(Corrects third bullet point, third paragraph to show Renault holds 43.4 percent, not 43.2 percent of Nissan after deal)

BRUSSELS/TOKYO - Carmakers Renault , Nissan Motor Co Ltd <7201.T> and Daimler said they would swap stakes and jointly develop cars in a tie up to gain scale and share costs.

Daimler will take 3.1 percent shareholdings in Renault and Nissan, who will both hold 1.55 percent of the German carmaker under the deal, the companies said on Wednesday.

Renault's Nissan stake would slip to 43.4 percent from 44.3 percent. The French government pledged to support the partnership, and said the state would buy 0.55 percent of Renault to maintain its holding at 15.01 percent.

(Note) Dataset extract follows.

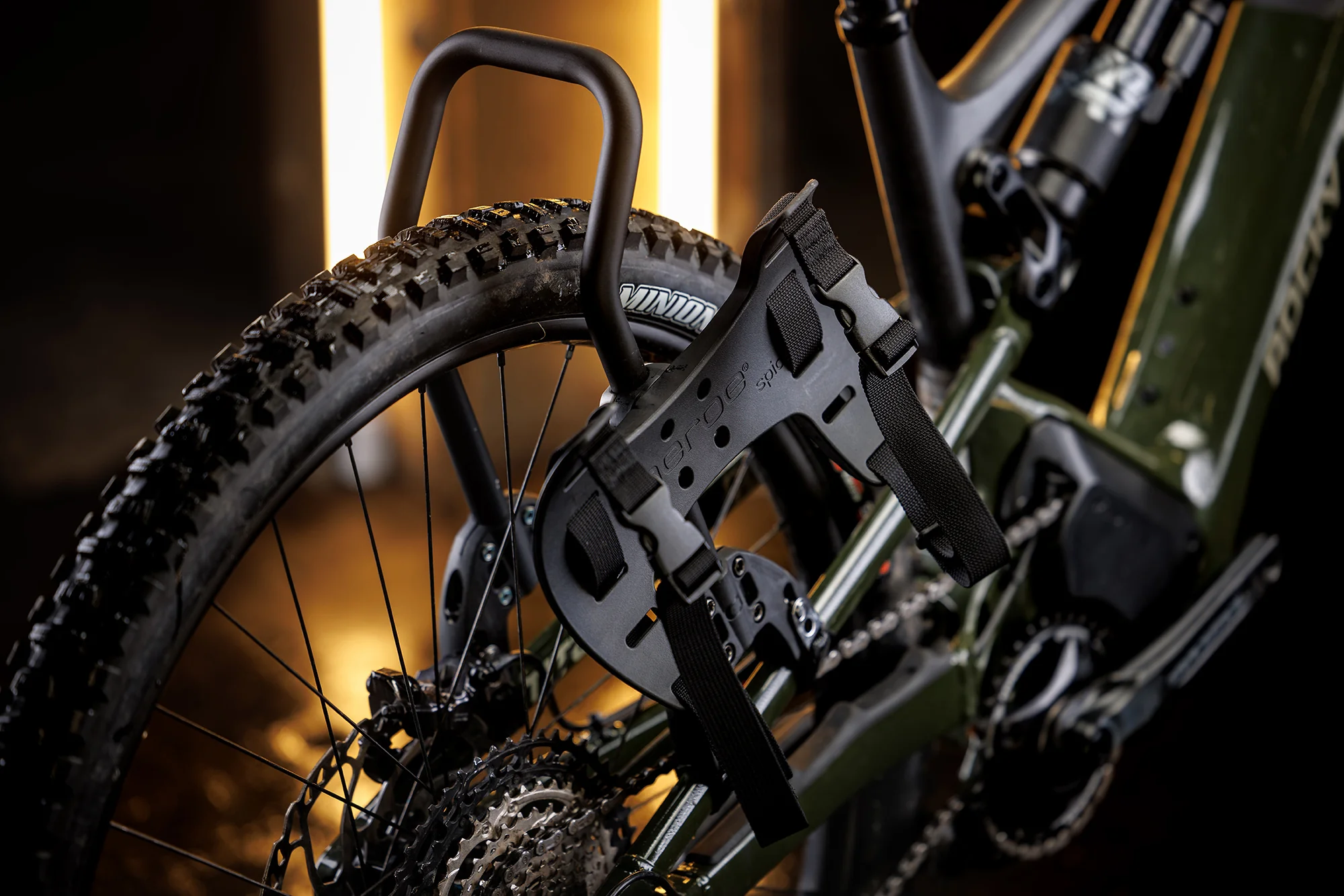 Spider Rear Rack - Image 4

Renault and Daimler have been discussing cooperation plans as carmakers worldwide seek to become more competitive by sharing technology investment costs and gaining scale.

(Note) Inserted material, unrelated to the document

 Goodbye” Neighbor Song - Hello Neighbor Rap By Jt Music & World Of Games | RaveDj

The automobile sector is scrambling to meet tightening emission rules as it emerges from a savage downturn that has highlighted the need for profit-chasing carmakers to boost scale, conquer new markets and increase efficiency.

Our skills complement each other very well, Daimler Chief Executive Dieter Zetsche said in a statement. Right away, we are strengthening our competitiveness in the small and compact car segment and are reducing our CO2 footprint.

Daimler, which along with the luxury Mercedes-Benz brand owns struggling Smart, is set to benefit from Clio-maker Renault's small-car expertise, while Renault and Nissan will be able to make use of Daimler's engine know-how.

The three carmakers said they plan to cooperate on electric cars, passenger cars and light commercial vehicles, as well as jointly developing and sharing diesel and gasoline engines.


Mercedes needs an ally in small vehicles -- for them it is vital. Renault needs to spread out development costs so the agreement is also important for their profitability, a Paris-based analyst said.

Specifically, the cooperation includes the next-generation Smart fortwo and Renault Twingo models, including electric versions, as well as expanding the smart and Twingo families.

It also includes the sharing and co-development of diesel and gasoline engines from the Renault-Nissan alliance to be used in the new smart and Twingo.

They will also be adapted and modified with Mercedes-Benz characteristics for its new generation of premium compact cars.

The carmakers plan to share gasoline and diesel engines coming from Daimler to Infiniti, the luxury division of Nissan, providing the opportunity for further collaboration.

They also plan to share a Renault-Nissan diesel engine and transmission for the Mercedes-Benz Vito.

The Renault-Nissan alliance and Daimler added that they would set up a strategic committee to be chaired by alliance Chief Executive Carlos Ghosn and Daimler's Zetsche.

Shares in Renault were 1.2 percent lower at 36.42 euros by 0738 GMT, while Daimler shares were 0.6 percent firmer at 35.73 euros. The STOXX Europe 600 auto index <.SXAP> was 0.3 percent softer.

We think that possible synergies from the cooperation with Renault/Nissan are limited and will only be realized mid-term, DZ Bank analyst Michael Punzet wrote in a note, adding that he was skeptical about possible dilution of the Daimler brand.